## Assignment
When you give the entries again, keep every word as it stands and drop the pictures.

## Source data
___

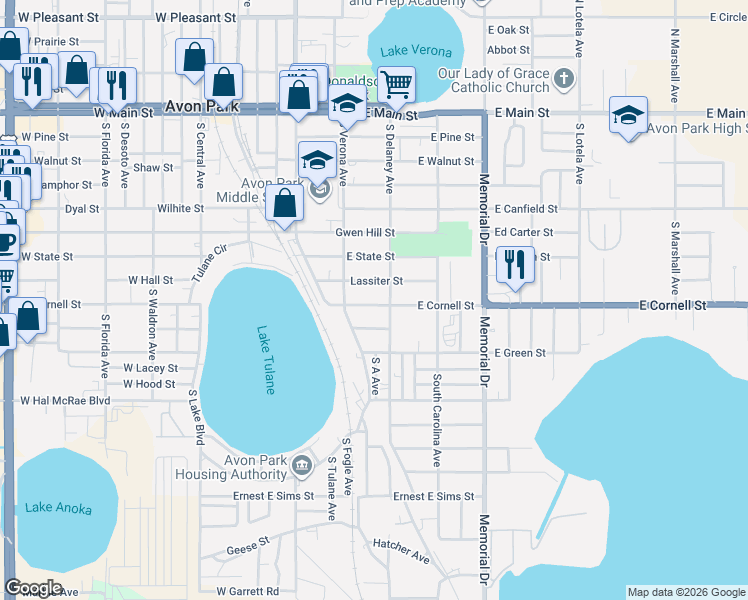 map of restaurants, bars, coffee shops, grocery stores, and more near 116 East Cornell Street in Avon Park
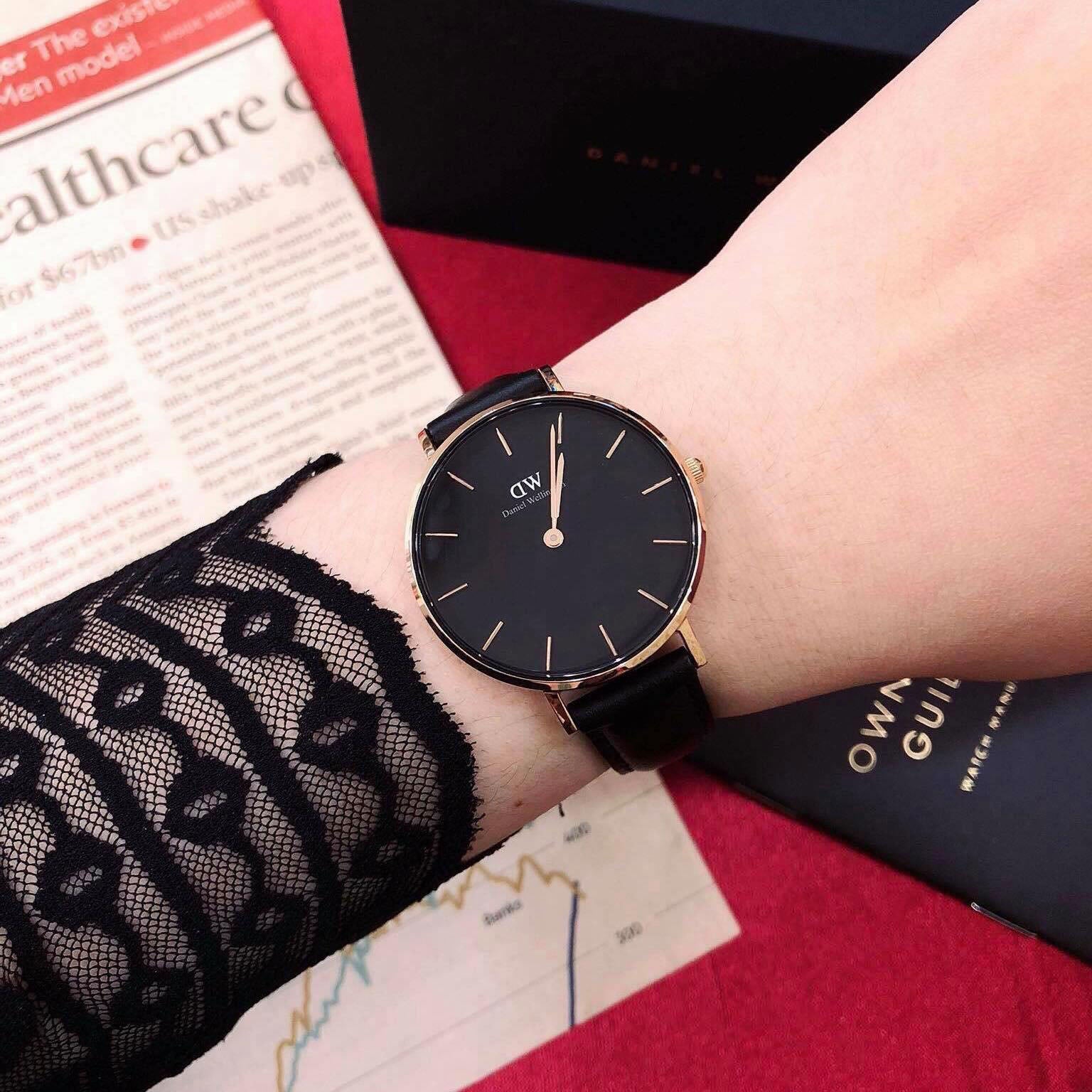  Shop Authentic Daniel Wellington Classic Petite Reading Black Dial Black Leather Strap Watch For Women - DW00100167 - Luxxuri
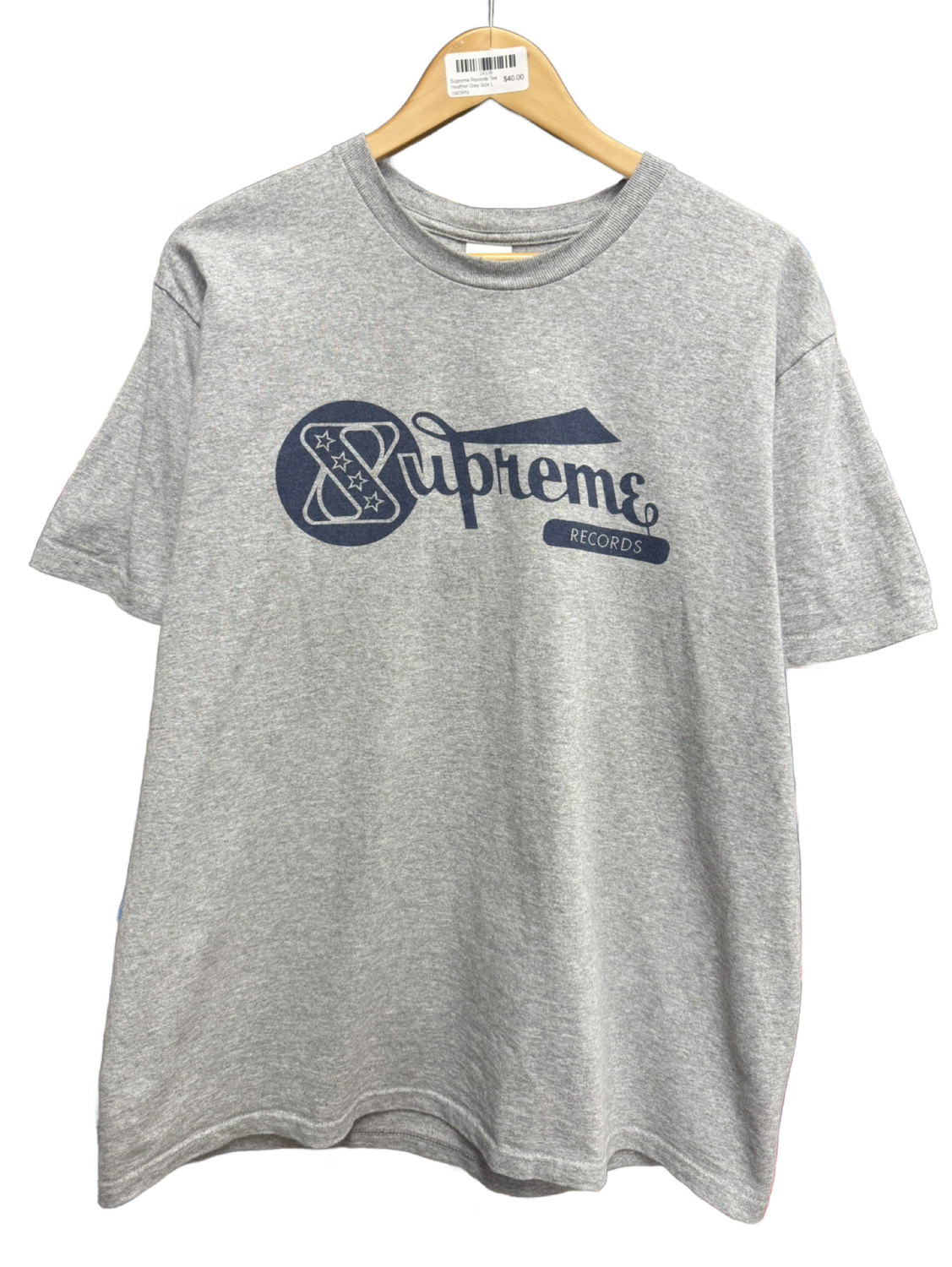 Supreme New York Tee Heather Grey Size Large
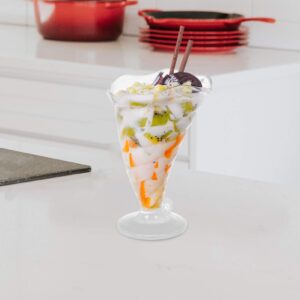 TOYANDONA Clear Container Footed Dessert Cup Crystal Tall Ice Cream Cup Clear Custard Cup Decorative Trifle Bowl for Parfait Sundae Fruit Snack Cocktail Condiment Serveware 340ml Clear Tumbler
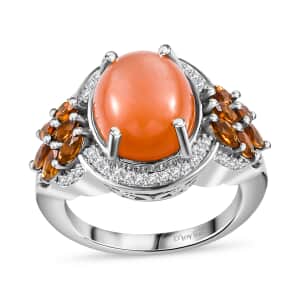 Peach Moonstone and Multi Gemstone Ring in Platinum Over Sterling Silver (Size 10.0) 5.10 ctw (Del. in 10-12 Days)
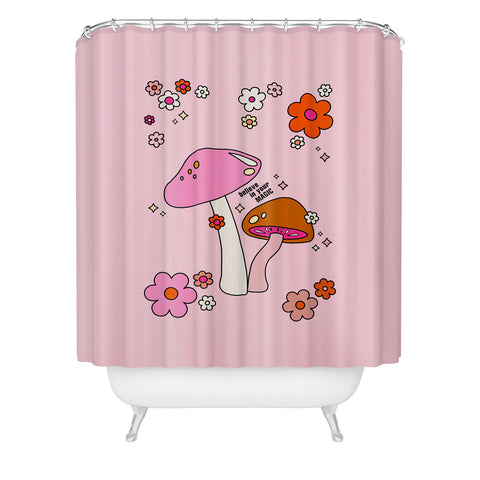 Daily Regina Designs Colorful Mushrooms And Flowers Shower Curtain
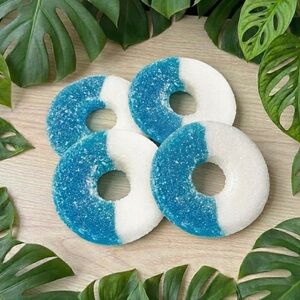 Blue Raspberry Gummy Ring Coaster Set - Cork Backing - Set of 4 - Blue & White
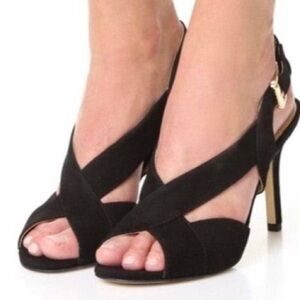 Michael Michael Kors black suede slingback heels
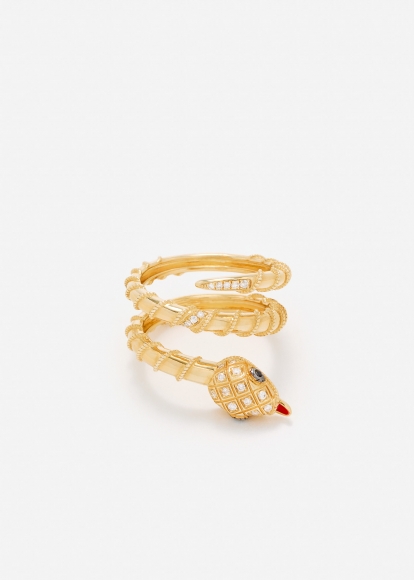 BAGUE TWISTÉE PYTHON OR JAUNE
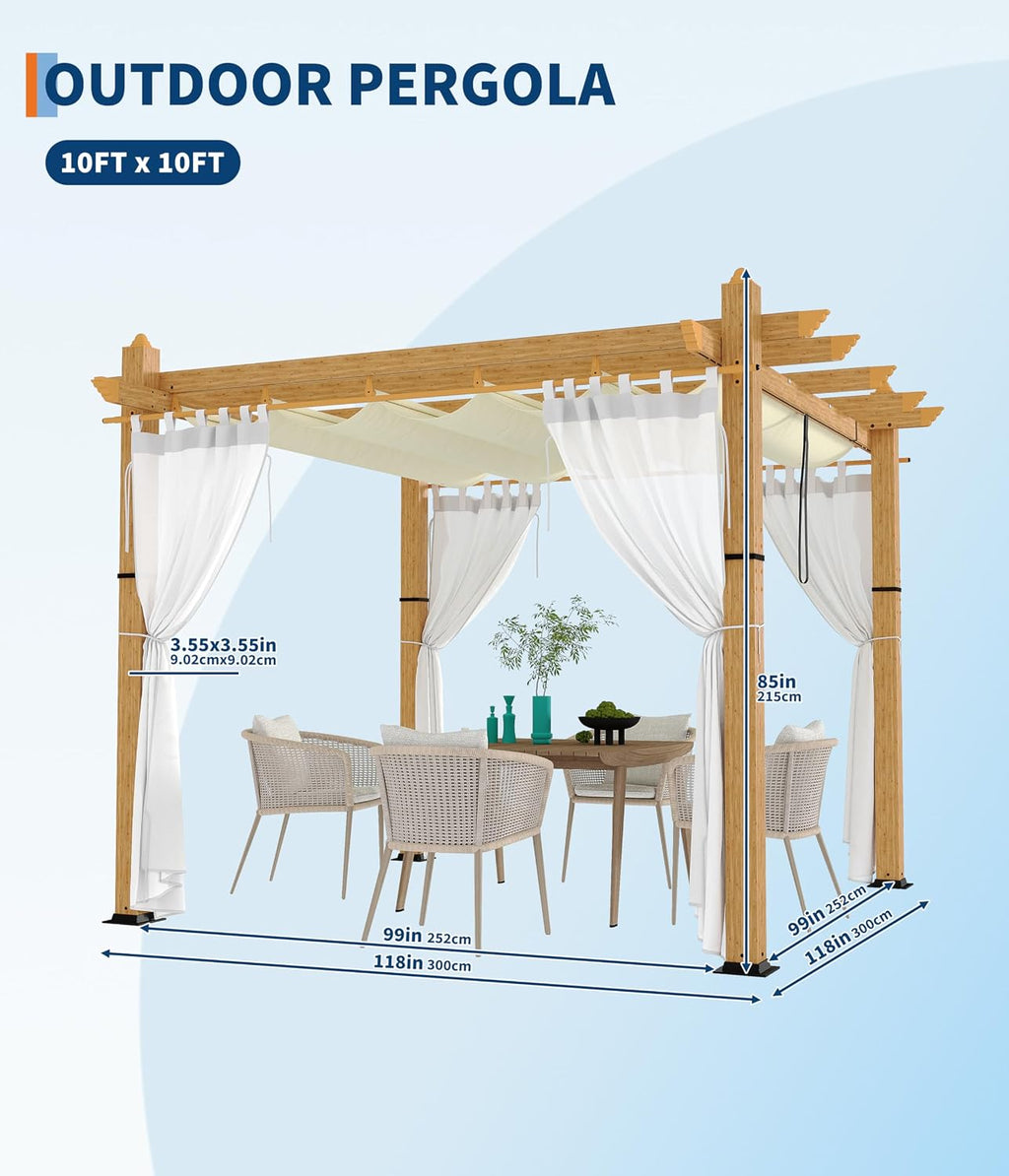 GAOMON 10x10 Ft Outdoor Pergola, Heavy-Duty Aluminum Patio Pergolas and Gazebos Clearance with Retractable Canopy & Side Mesh Curtain, Metal Pergola for Existing Deck, Backyard Garden Porch, Beige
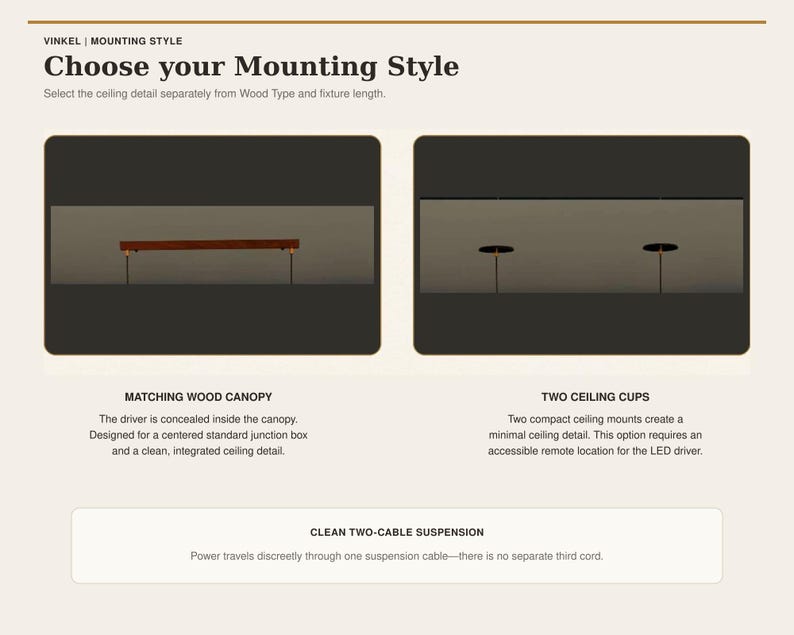 May include: An informational graphic titled Choose your Mounting Style for Vinkel lighting fixtures. It displays two options: a matching wood canopy with a concealed driver and two compact ceiling cups for a minimal look, featuring a clean two-cable suspension system where power travels through one cable.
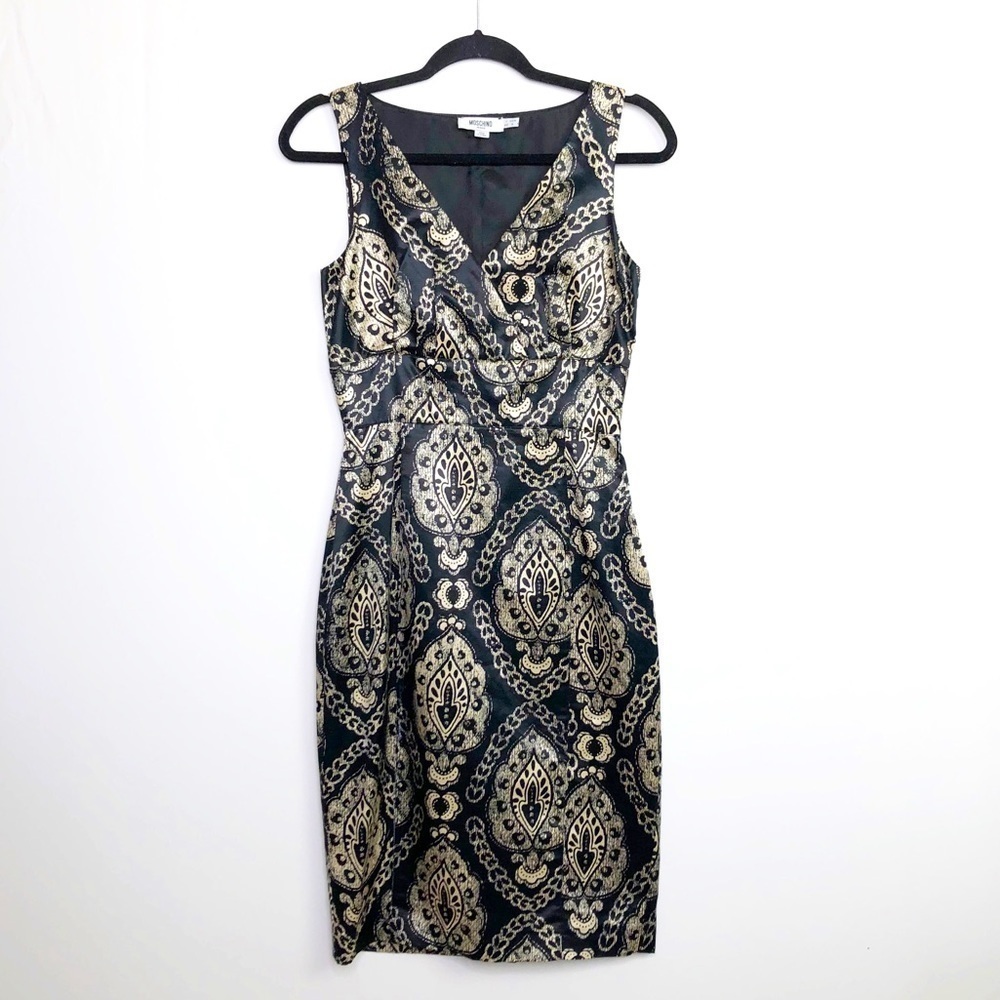 MOSCHINO jeans cream and black shift graphic print dress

___

## Solution to this problem
 map of restaurants, bars, coffee shops, grocery stores, and more near 116 East Cornell Street in Avon Park
  Shop Authentic Daniel Wellington Classic Petite Reading Black Dial Black Leather Strap Watch For Women - DW00100167 - Luxxuri
 Supreme New York Tee Heather Grey Size Large
 TOYANDONA Clear Container Footed Dessert Cup Crystal Tall Ice Cream Cup Clear Custard Cup Decorative Trifle Bowl for Parfait Sundae Fruit Snack Cocktail Condiment Serveware 340ml Clear Tumbler
 Peach Moonstone and Multi Gemstone Ring in Platinum Over Sterling Silver (Size 10.0) 5.10 ctw (Del. in 10-12 Days)
 Daily Regina Designs Colorful Mushrooms And Flowers Shower Curtain
 Blue Raspberry Gummy Ring Coaster Set - Cork Backing - Set of 4 - Blue & White
 Michael Michael Kors black suede slingback heels
 BAGUE TWISTÉE PYTHON OR JAUNE
 GAOMON 10x10 Ft Outdoor Pergola, Heavy-Duty Aluminum Patio Pergolas and Gazebos Clearance with Retractable Canopy & Side Mesh Curtain, Metal Pergola for Existing Deck, Backyard Garden Porch, Beige
 May include: An informational graphic titled Choose your Mounting Style for Vinkel lighting fixtures. It displays two options: a matching wood canopy with a concealed driver and two compact ceiling cups for a minimal look, featuring a clean two-cable suspension system where power travels through one cable.
 MOSCHINO jeans cream and black shift graphic print dress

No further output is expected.